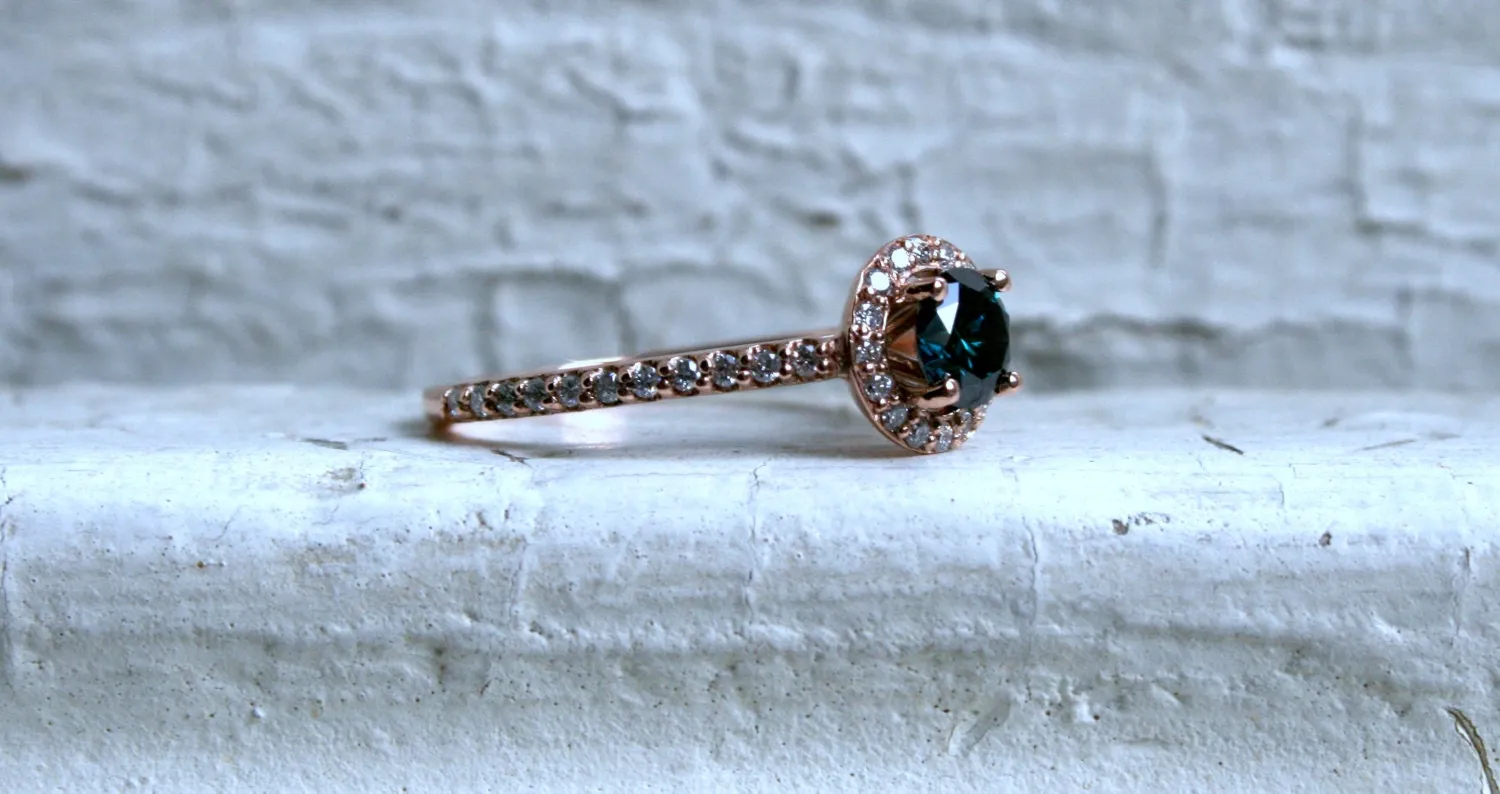Classic Halo Diamond Engagement Ring in 14K Rose Gold - 0.77ct.
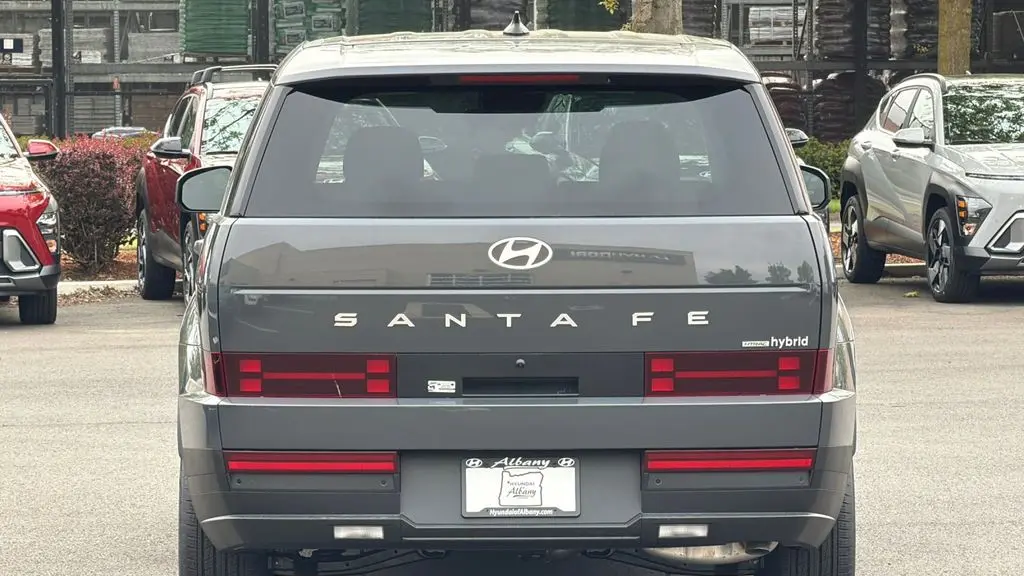 2026 Hyundai SANTA FE Hybrid SE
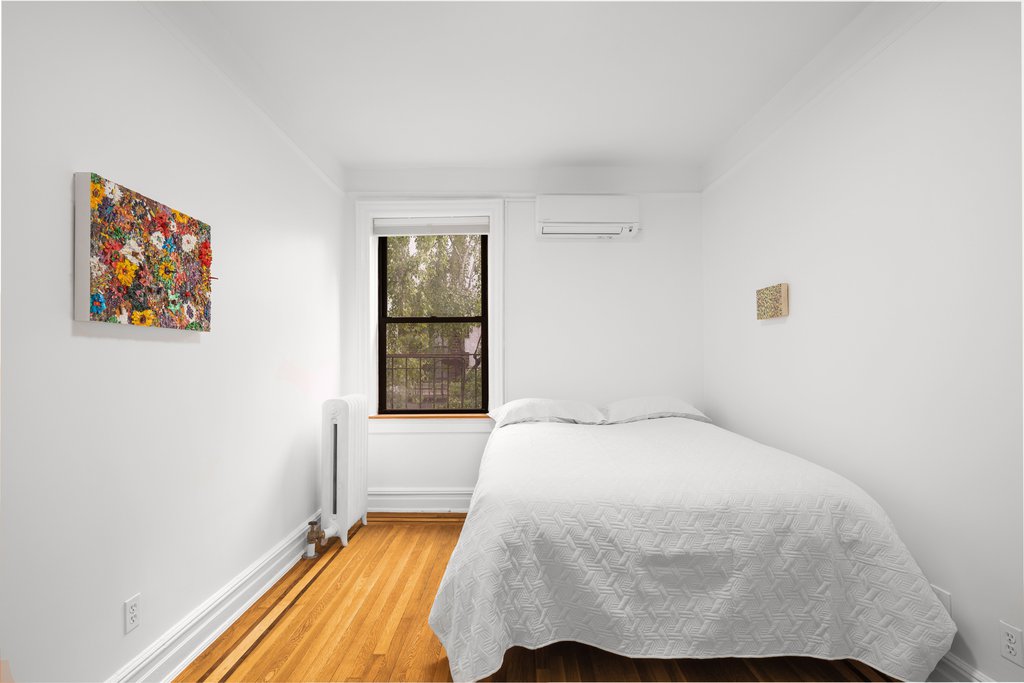 31-14 Crescent Street, Unit 2D photo 5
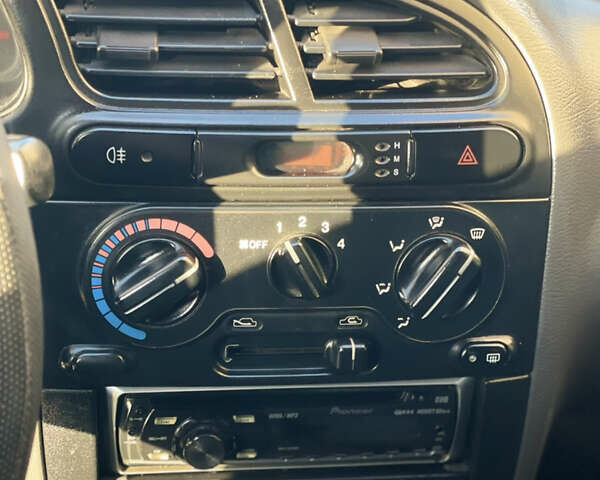 Сірий Деу Сенс, об'ємом двигуна 1.35 л та пробігом 200 тис. км за 1650 $, фото 8 на Automoto.ua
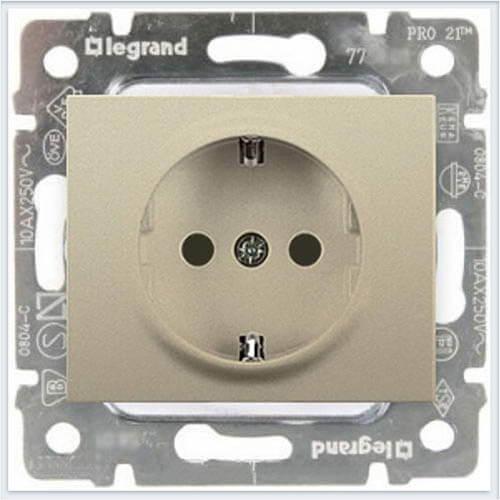 Розетка 2К+3 Legrand Galea Life 16A 250V с/завтоматические клеммы титановая 771462 в Санкт-Петербурге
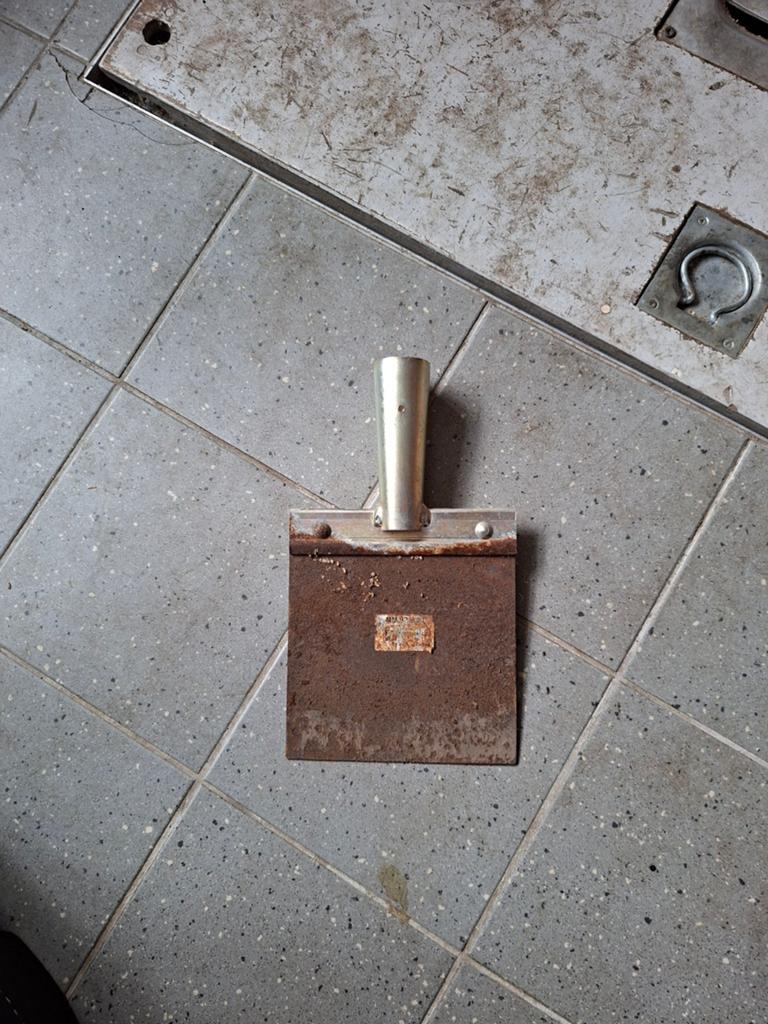 Betonschraper  schraper 15 cm breed, Ophalen of Verzenden, Gebruikt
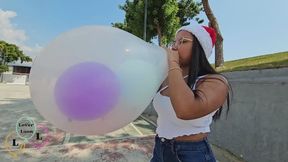 Sasha makes Sit2pop with her 18-inch crystal balloons outdoors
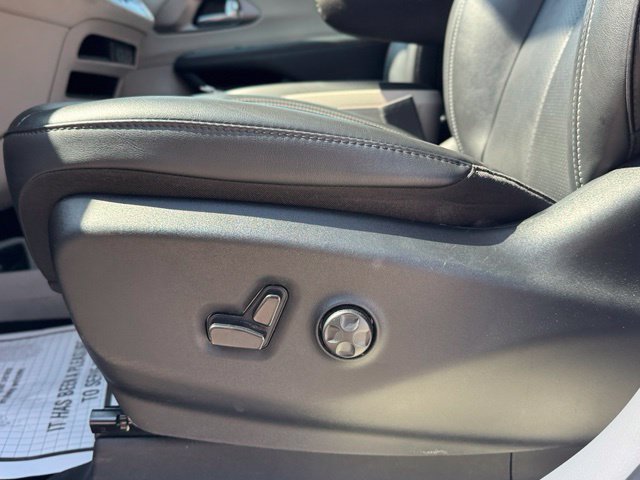Used 2024 Chrysler Pacifica Touring-L FWD image 10
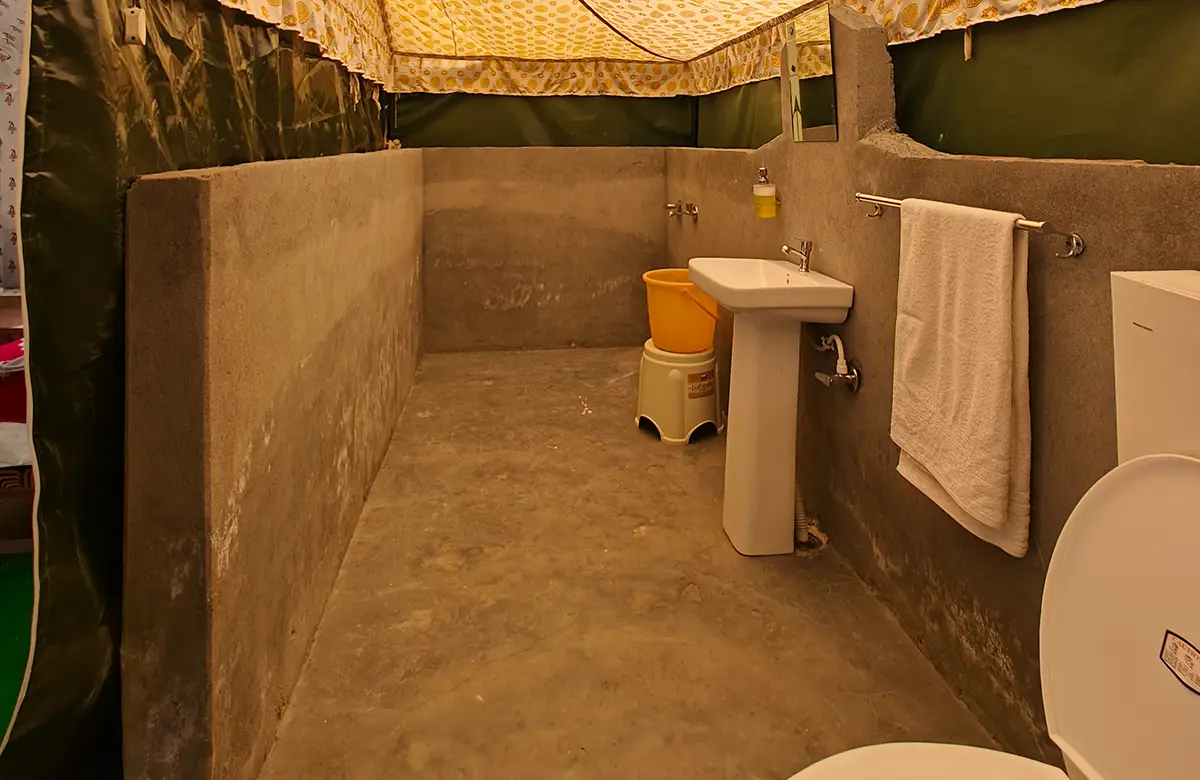 bathroom-executive-swiss-tent-chitkul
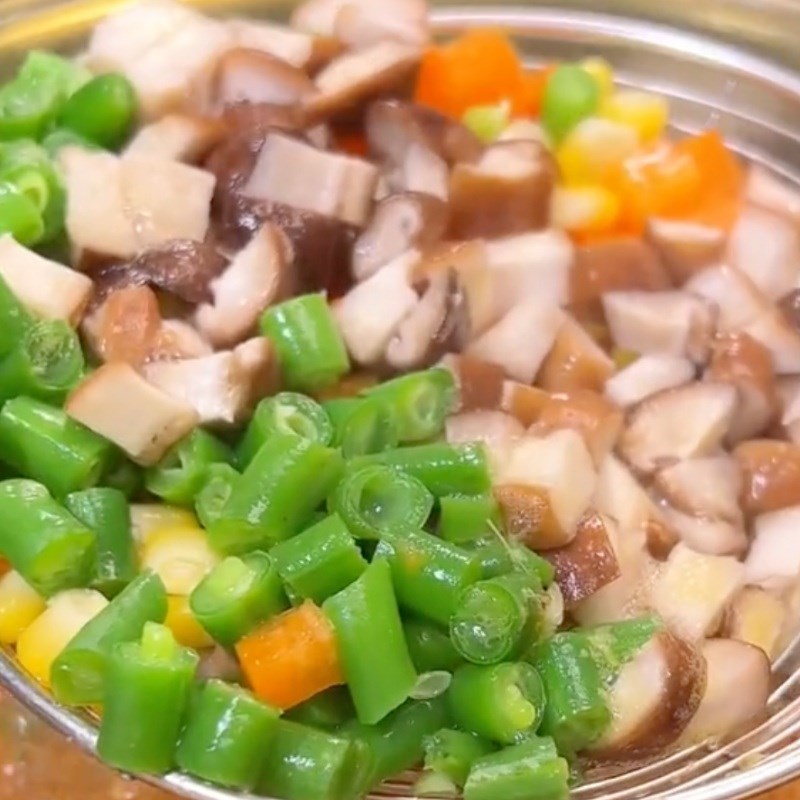 Bước 2 Luộc nguyên liệu và xay cải bó xôi Cơm chiên nấm đông cô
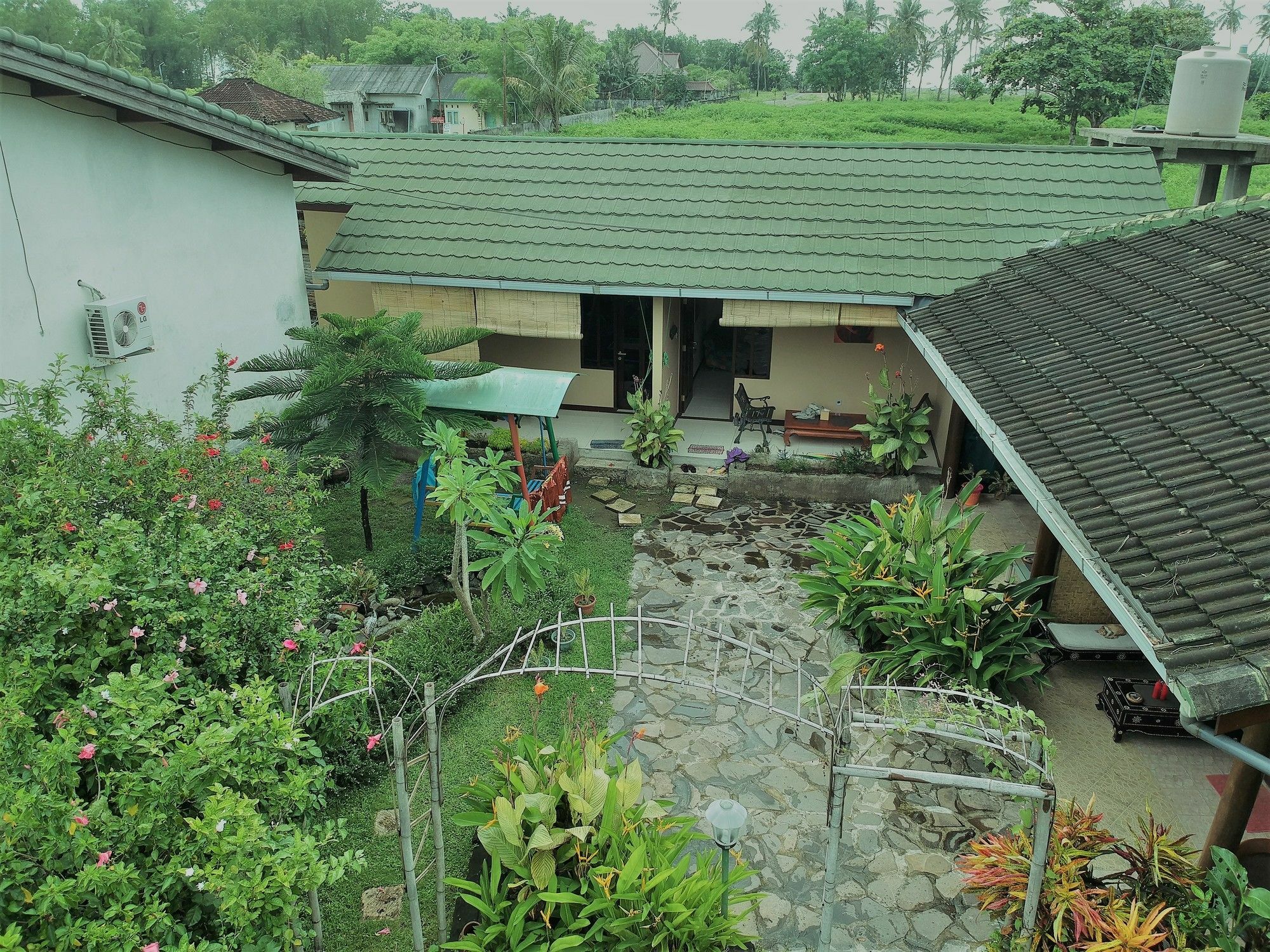 Montongbuwoh Villa Yukie Senggigi מראה חיצוני תמונה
_____
**THE PROBLEM:**
An exact copy of every entry above is needed, with the pictures left out.

**ANSWER TO THIS TASK:**
Classic Halo Diamond Engagement Ring in 14K Rose Gold - 0.77ct.
 2026 Hyundai SANTA FE Hybrid SE
 31-14 Crescent Street, Unit 2D photo 5
 Сірий Деу Сенс, об'ємом двигуна 1.35 л та пробігом 200 тис. км за 1650 $, фото 8 на Automoto.ua
 Розетка 2К+3 Legrand Galea Life 16A 250V с/завтоматические клеммы титановая 771462 в Санкт-Петербурге
 Betonschraper  schraper 15 cm breed, Ophalen of Verzenden, Gebruikt
 Sasha makes Sit2pop with her 18-inch crystal balloons outdoors
Used 2024 Chrysler Pacifica Touring-L FWD image 10
 bathroom-executive-swiss-tent-chitkul
 Bước 2 Luộc nguyên liệu và xay cải bó xôi Cơm chiên nấm đông cô
 Montongbuwoh Villa Yukie Senggigi מראה חיצוני תמונה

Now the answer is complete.